O’Rourke calls on other 2020 Democrats to sign on to gun plan
Democratic presidential candidate Beto O’Rourke is calling on his fellow 2020 primary opponents to sign onto the March for Our Lives plan that outlines a progressive gun reform policy agenda.
“So we’re left with a choice. We can stick by what we’ve been doing — playing it safe, while we beg Mitch McConnell to take action on the floor of Congress. Or we can follow the lead of the students marching for their lives and for all of ours, who are demanding we do more to protect them,” the former Texas congressman wrote in an op-ed published in Teen Vogue on Monday.
“I choose the kids. And the question I have for my fellow Democrats in this race and in Congress is: Do you?”{mosads}
The “Peace Plan for a Safer America” calls for a mandatory buyback program of assault-style weapons. O’Rourke has been an outspoken advocate for such a proposal since a mass shooting in his hometown of El Paso, Texas, killed 22 people at a Walmart.
Several other 2020 primary candidates back a buyback program, but O’Rourke is the only candidate to sign onto the March for Our Lives plan, according to his campaign.
The March for Our Lives movement was started by survivors of the high school shooting in Parkland, Fla., It inspired marches across the country.
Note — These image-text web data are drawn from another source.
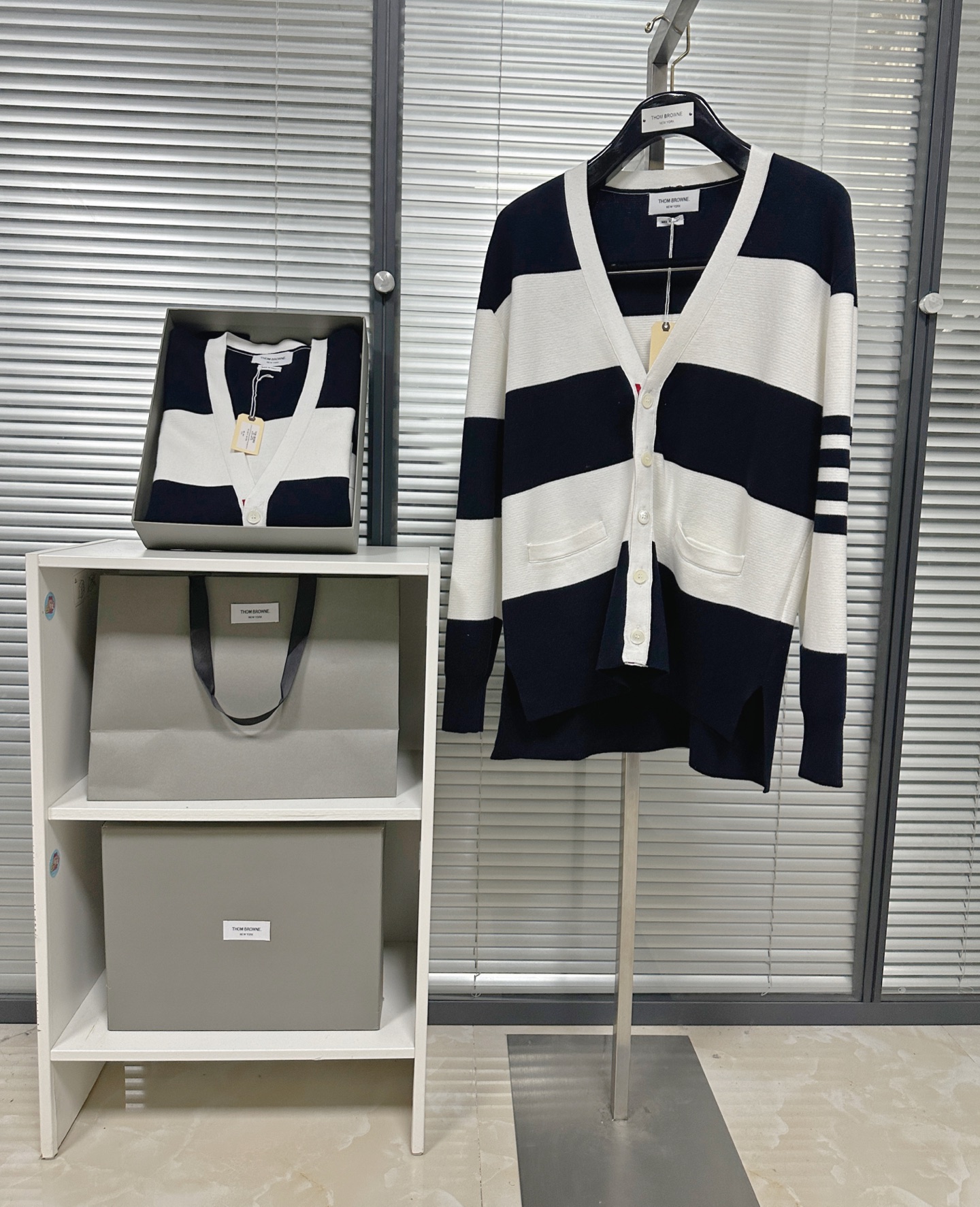 톰브라운 남성 가디건 143005 Thom Browne Cardigan 상세 이미지 5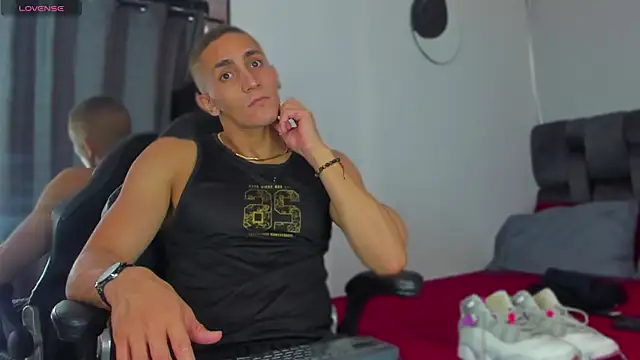 MikeRoss7777 online show from 12/31/24, 02:25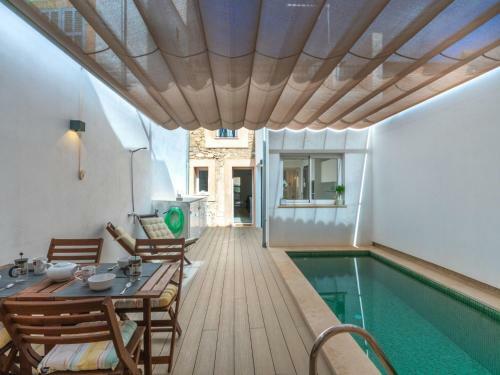 Holiday Home Can Regalat Heated Pool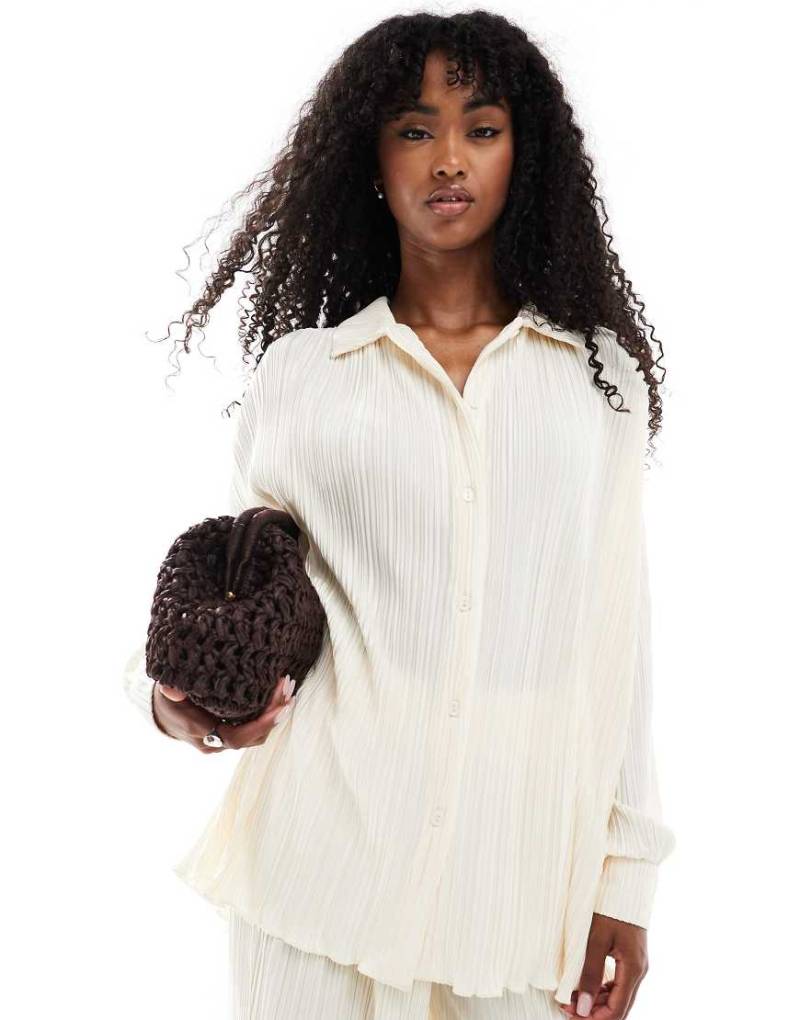 4th & Reckless - Plissee-Hemdbluse in Creme mit Kragen, Knopfleiste und Kräuselsaum, Kombiteil-Weiß von 4th & Reckless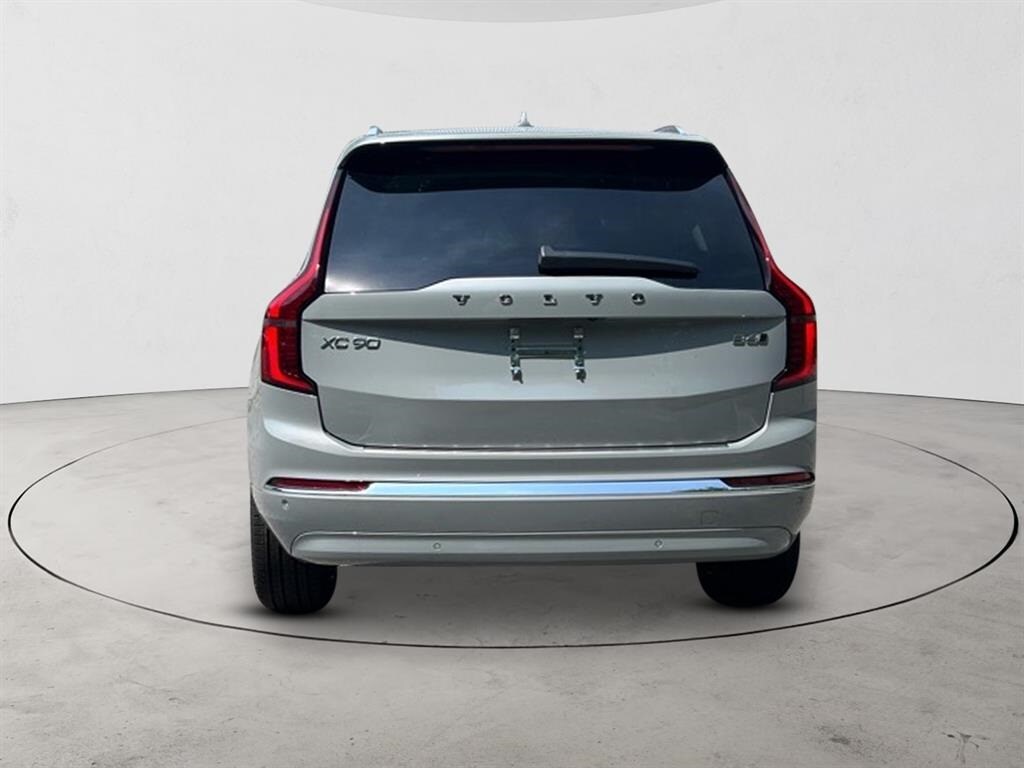 2026 Volvo XC90 Plus photo 4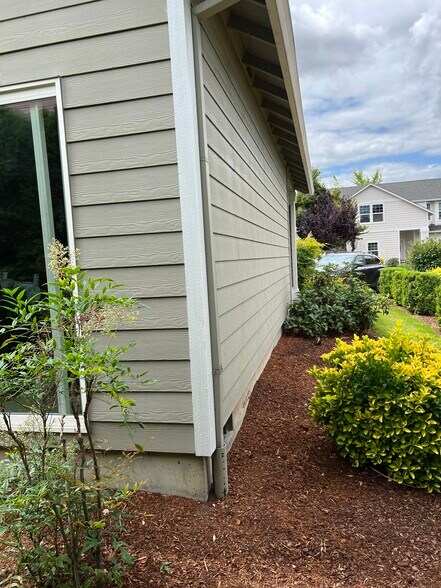 Building Photo - 2346 NE Ashton Way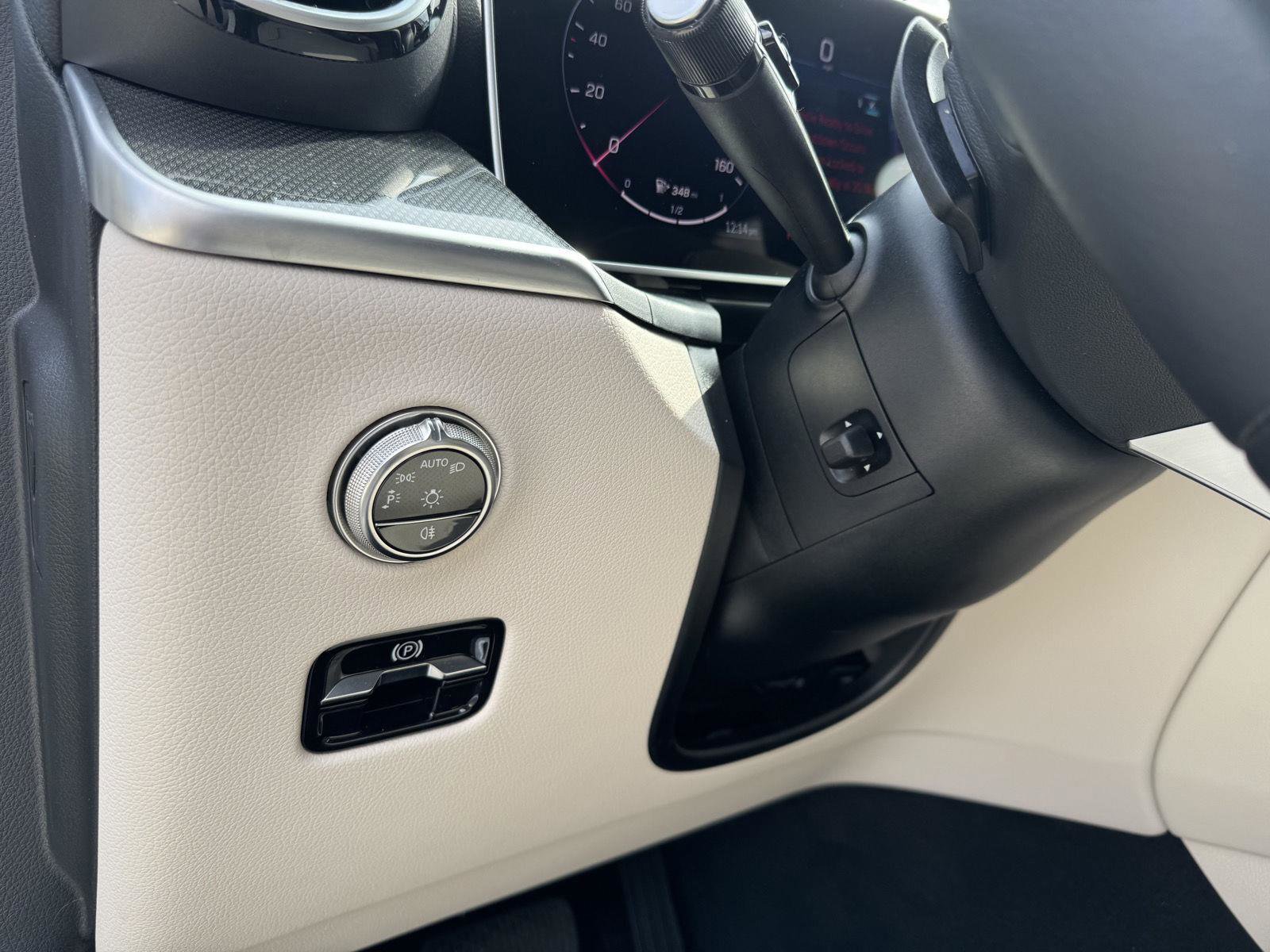 Certified 2025 Mercedes-Benz GLC 300 image 7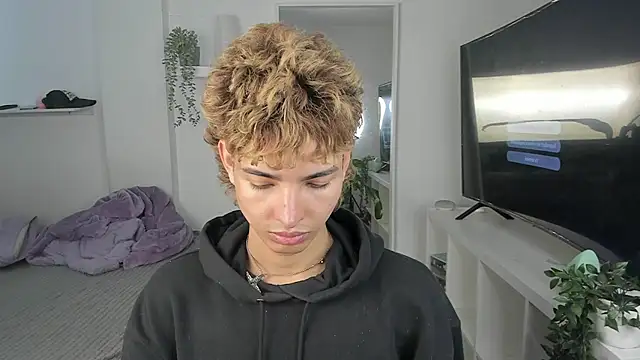 santy-kitty online show from November 6, 2025, 7:51 pm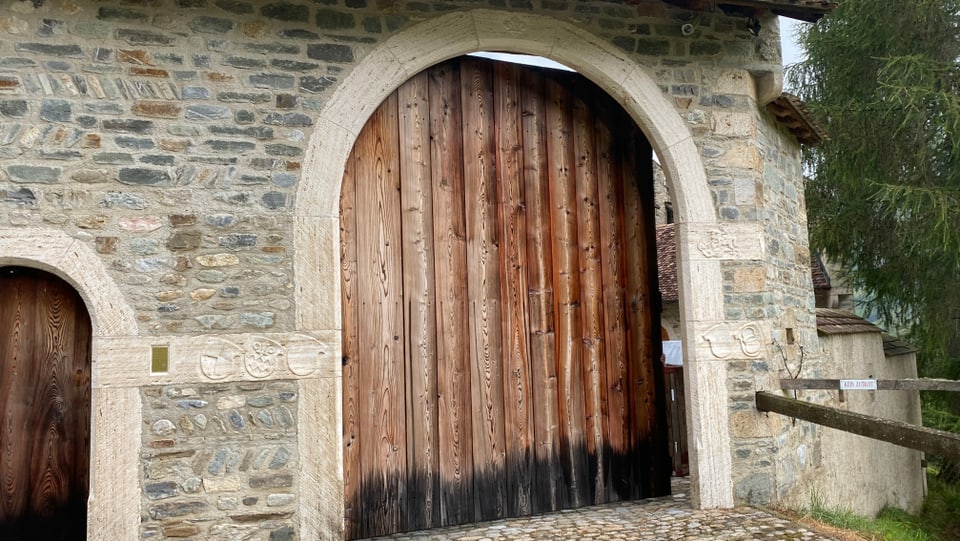 La gronda porta d'entrada dal chastè Haselstein or da lain laresch, Ella ü var 5 meters auta ed entschada d'in artg da crap.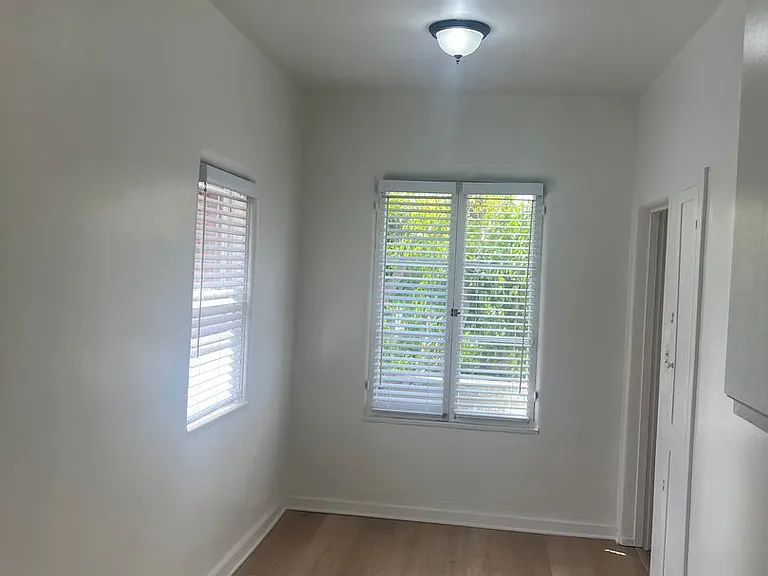 732 S Mansfield Ave — Photo 6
O’Rourke, in his op-ed, recalls marching with his son Henry on his shoulders in the El Paso march.
“As we finished marching, we were met by counter-protesters flaunting AR-15s. And when Henry saw them, he asked me why they were there — because, in his mind, assault weapons didn’t belong at a March For Our Lives,” O’Rourke wrote.
“I told him he didn’t have anything to worry about. ‘Just ignore them,’ I said. But when an alleged white supremacist killed 22 people in my hometown of El Paso with a similar weapon, I realized I was wrong and Henry was right,” he added.
O’Rourke’s op-ed was published before a gun safety forum co-hosted by March for Our Lives that will feature 10 Democratic presidential candidates on Wednesday.
Along with O’Rourke, former Vice President Joe Biden, Sen. Cory Booker (N.J.), South Bend, Ind., Mayor Pete Buttigieg, former Housing and Urban Development Secretary Julián Castro, Sen. Kamala Harris (Calif.), Sen. Amy Klobuchar (Minn.), Sen. Bernie Sanders (I-Vt.), Sen. Elizabeth Warren (Mass.) and businessman Andrew Yang will participate.
Gun reform activists have been pushing for Congress to pass a universal background check bill in the wake of mass shootings across the country over the summer.
The House passed a universal background check bill in February but it has yet to be called for a vote in the Senate.
Senate Majority Leader Mitch McConnell (R-Ky.) has shifted the focus to the White House, saying he will only call a bill to a vote that President Trump will sign. Trump has wavered on his support over such a reform measure.